第3話 グズ男でち
俺が事故で死んで、ハムスターに転生してから1週間がたった。
気になっていた職場の部下の鈴木ルカのハムスターに転生した。鈴木ルカのバリバリ働きほどほどに美人で男性うけする鈴木が、会社から帰宅後は、学生時代のジャージを着ながらビールを飲み、そこそこな汚部屋女子と言う事にはなれた......。
慣れたと言うよりは、飼われている身分の俺は3衣食住つきの、この生活が好きになり始め......堕落への道をひた走る。
毎日、人間だったら歯が折れそうなペレットを食べ、鈴木が機嫌の良い時は、ひまわりの種をくれた。
意外にもひまわりの種は、バターのように濃厚でチーズケーキみたいなほどよいうまさだ。......うまさじゃねーぞ元人間、俺。
鈴木はハムスターを飼いだしたばかりで、ガサツな性格だが部屋のそうじをしてくれる。
最初は回し車で走りながら放尿するハムスター特性の屈辱や鈴木が仕事に行く時に暖房をつけ忘れるのは死活問題だが仕方ない。
鈴木の独り言、否、俺に話しかける時には職場の愚痴から、どうやら俺が死んで1週間で社内はもとどおり。

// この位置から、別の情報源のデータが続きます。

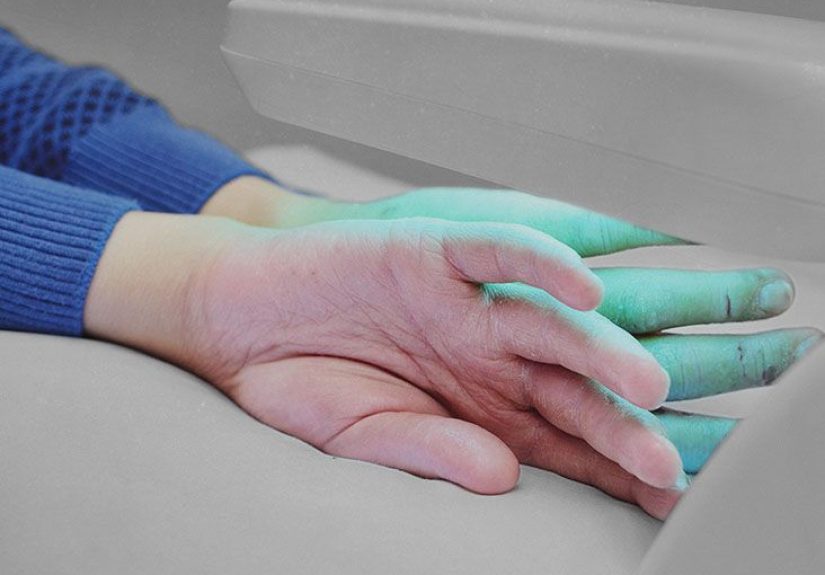 Light therapy for psoriasis: Types, effectiveness, and side effects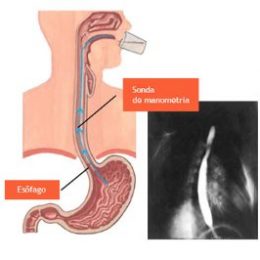 manometria-esofagica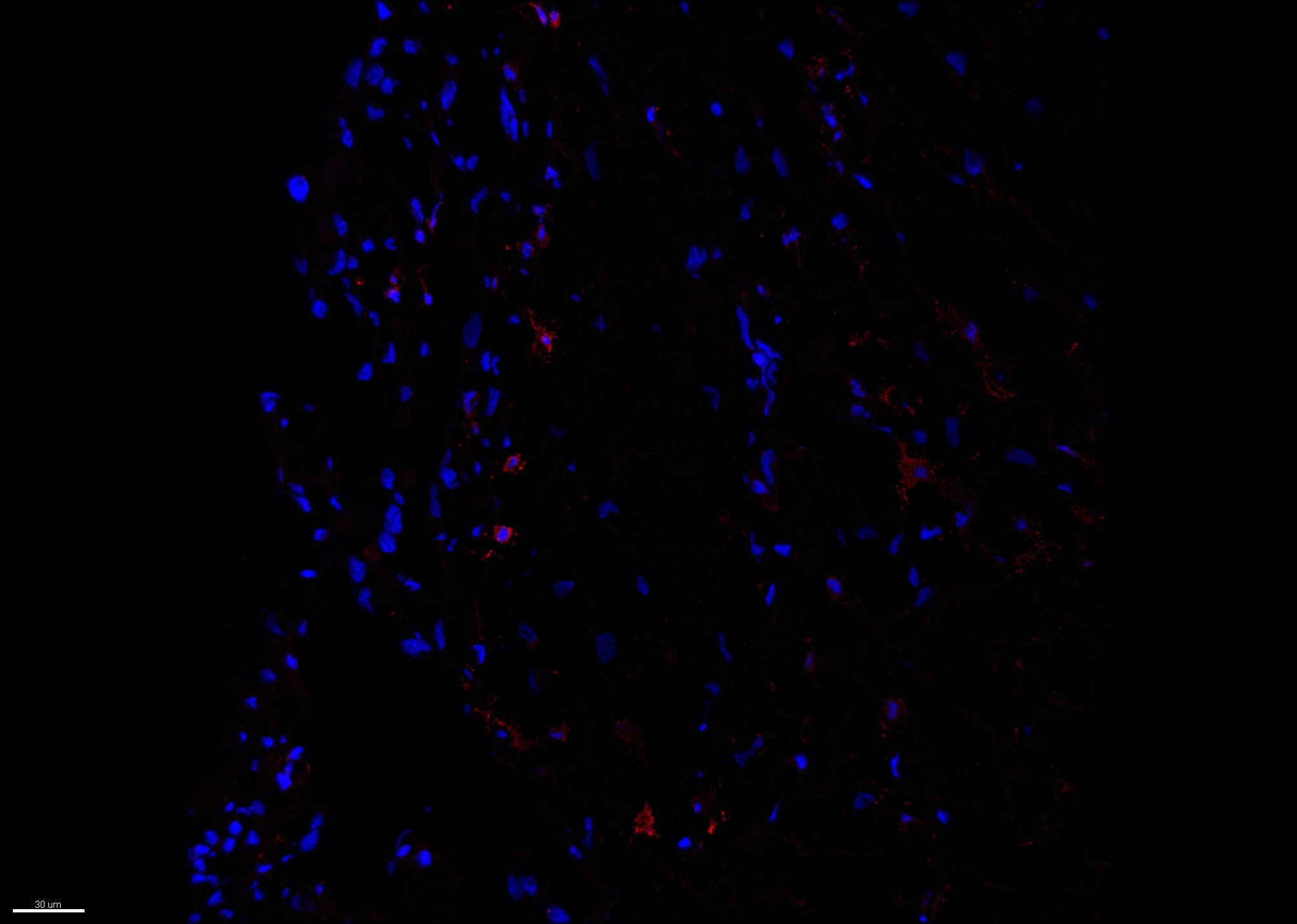Human LILRA2/CD85h/ILT1 Antibody MAB6364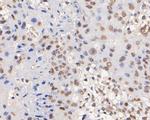p16INK4a Antibody in Immunohistochemistry (Paraffin) (IHC (P))
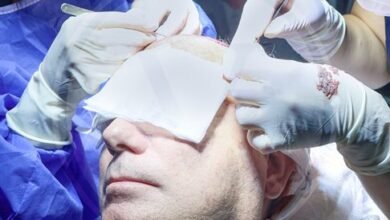 Reducing the risk of scar after hair transplantation with Vita technology
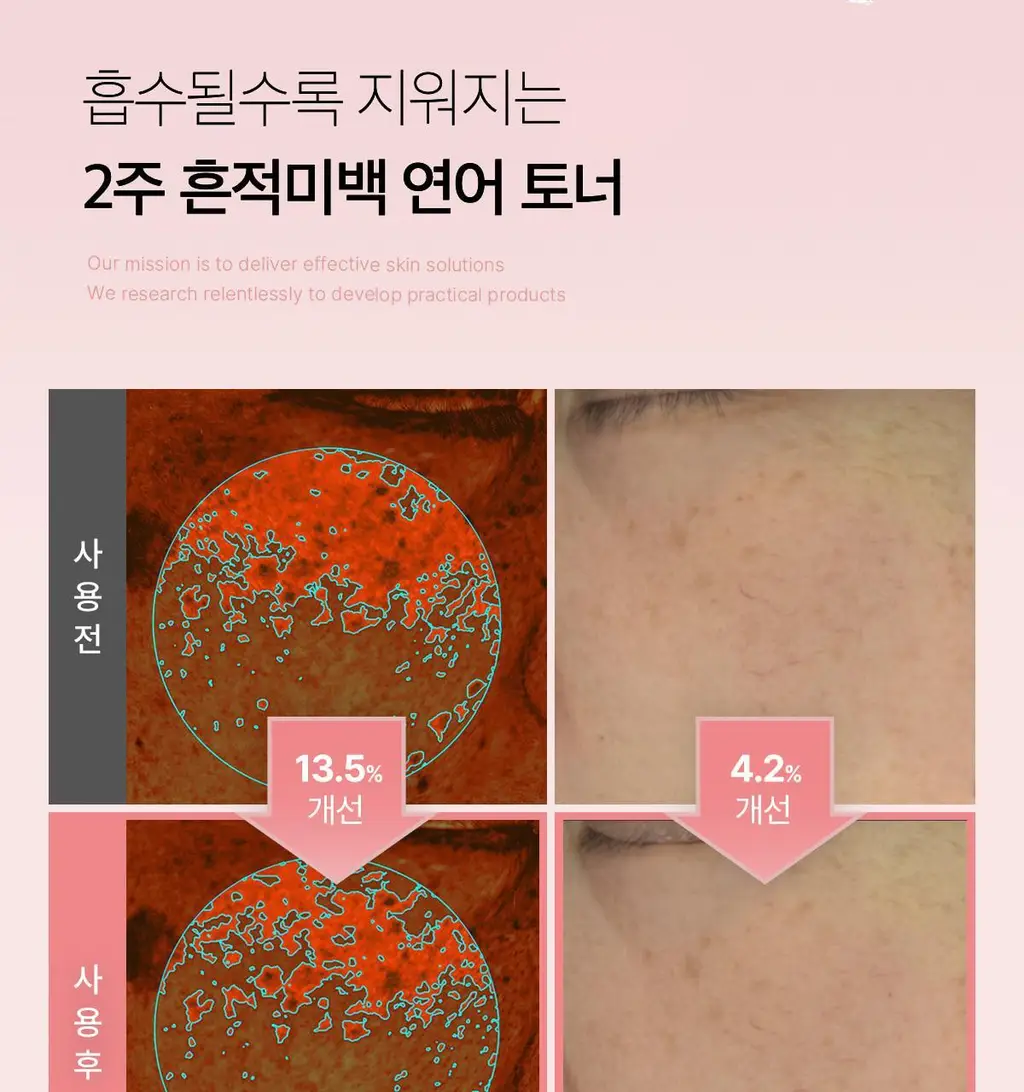 [흔적미백]메디큐브 PDRN 핑크 시카 수딩 토너 250ml 상세페이지 14
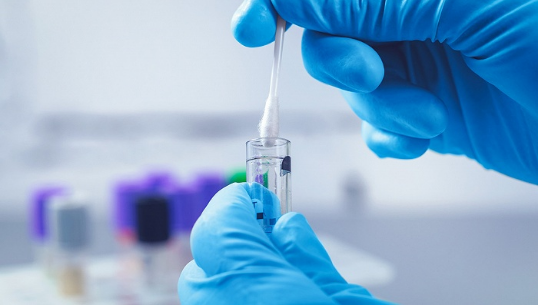 红螯光壳螯虾卵黄脂磷蛋白（Lv/Vn）elisa试剂盒现货临床样本的收集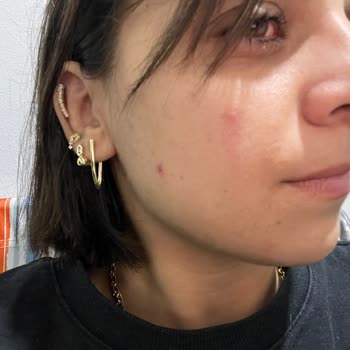Mia Klinika Azelaik Asit Ürünü Ciltte Şiddetli Kızarıklık Ve Yanma Oluşturdu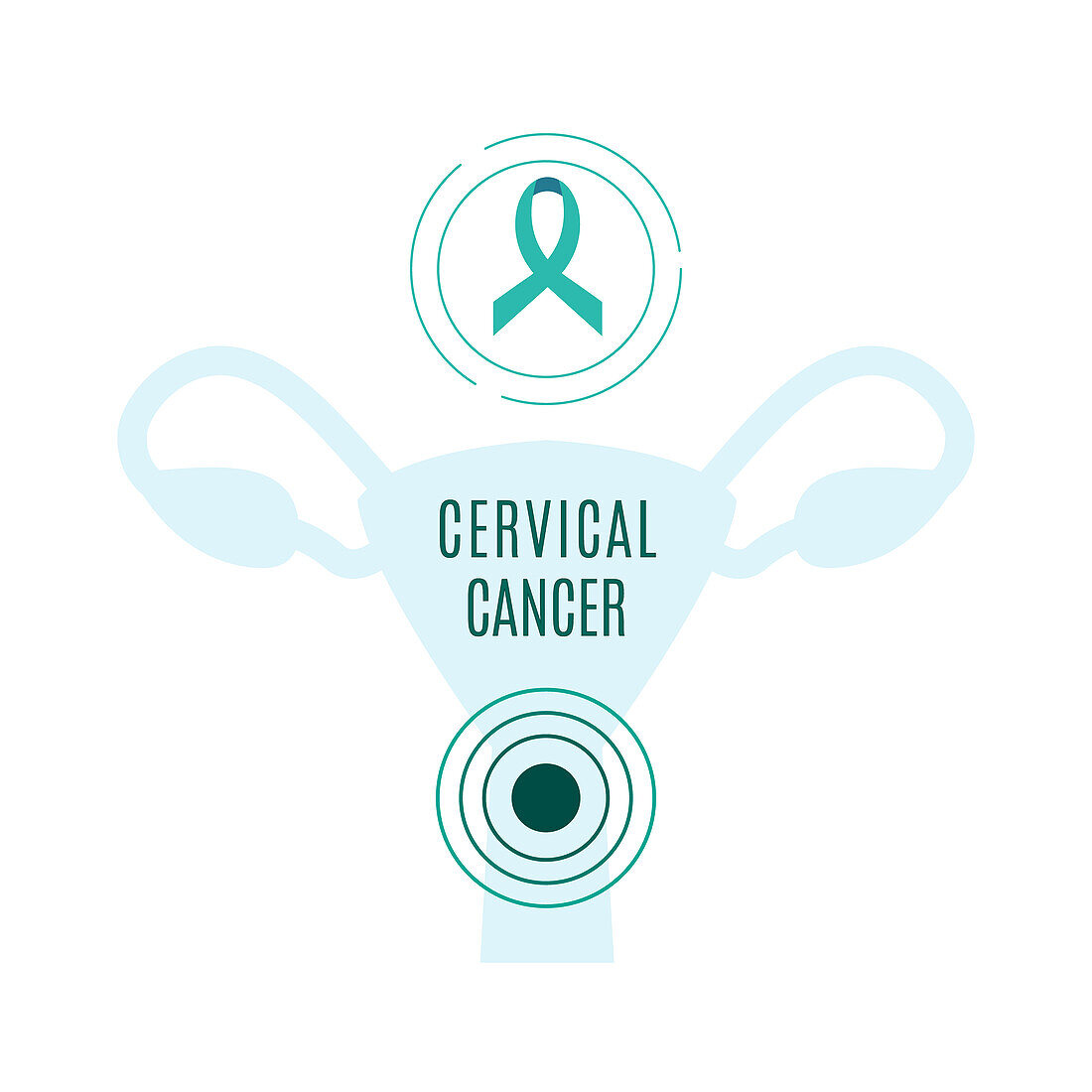 Cervical cancer awareness ribbon, conceptual illustration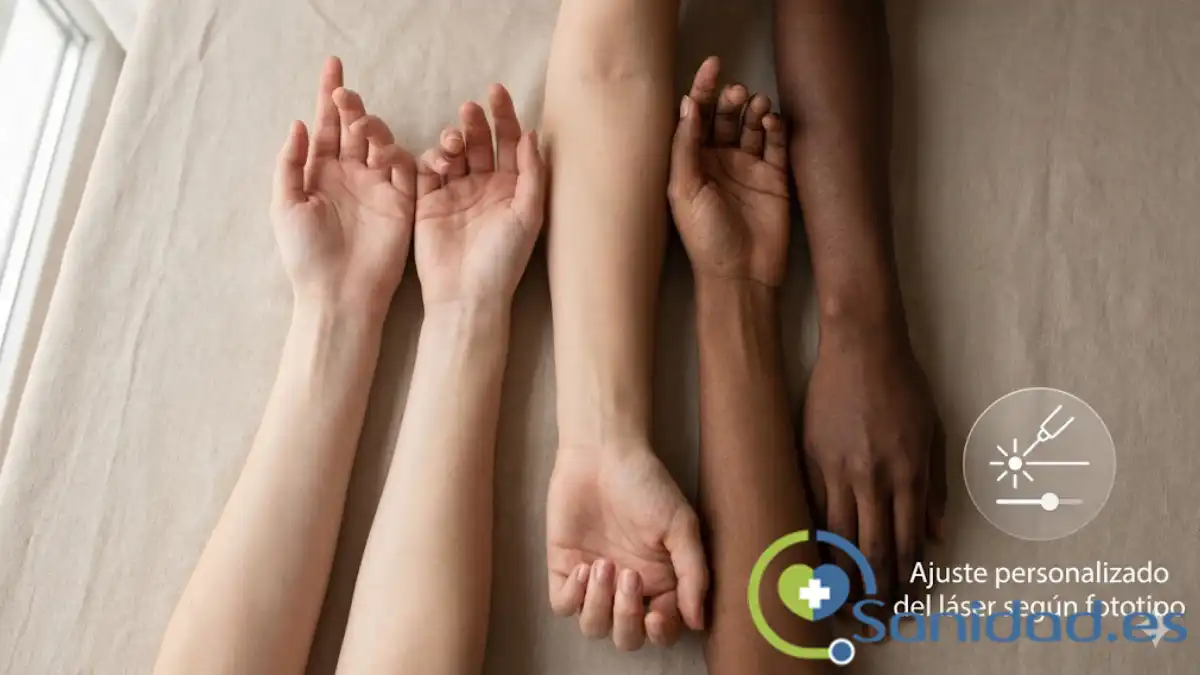 Fototipos y seguridad del láser diodo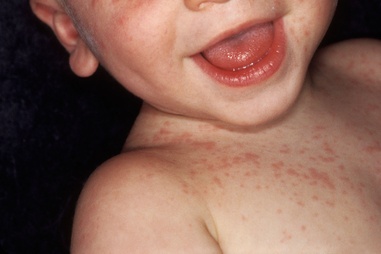 Roseola children health blog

課長になる後輩は、八代ミツキと言う俺の同期だ。
人が1人死んでも、世界はむごいほど日常を取り戻し社会は春に桜の花が散るくらい、儚いでち。
でち?よく鈴木が俺に話しかける時に、語尾に◯◯でちね~と言うのでハムスターになりつつある。
馬鹿にされているのか、愛されているのか、正直ハムスターになった俺の脳では理解に苦しむ。
世の中のハムスター達はみんな思っているのか。
昼夜逆転のハムスターの暮らしは昼間に眠り、夜には目がさめ、鈴木が帰宅するとご飯をもらえる。
珍しく、ガタガタとドアを開ける音がしたが、毛づくろいすら身につけた俺はそれどころではなかった。
「どうぞ、どうぞ、散らかってるけど♡」
声が職場モードだ。後から入っていた人間の匂いで、俺は誰だか分かった。
八代ミツキだ。仕事も出来て、女性うけも良いが.....彼女が3人いるクズ男だ。
「突然、ごめんね。食事に誘っておきながら、お茶までなんて」
アイツの手口だ。イケメンで、その一言で女を増やしている。
増やしている?ハムスターの繁殖じゃあるまいし、俺は木で出来た部屋に本能的にもぐりこんだ。
「いいね、私は今フリーだし♡」
完全に、鈴木は浮かれている。自分の出来事ではないが....買い主だ。
部屋から出て、ケージをガリガリかじると、スーツ姿の八代がこちらを見た。
「へえ~鈴木さんハムスター飼ってんだ。可愛いね」
そう言いながら、八代は俺をさげすむ冷たい視線をよこした。営業で競って、営業成績が俺より良かった時の目だ。
鈴木に八代がどんなにクズか教えるにはどうしようと思いながら、情けない事に習慣の毛づくろいが始まってしまった。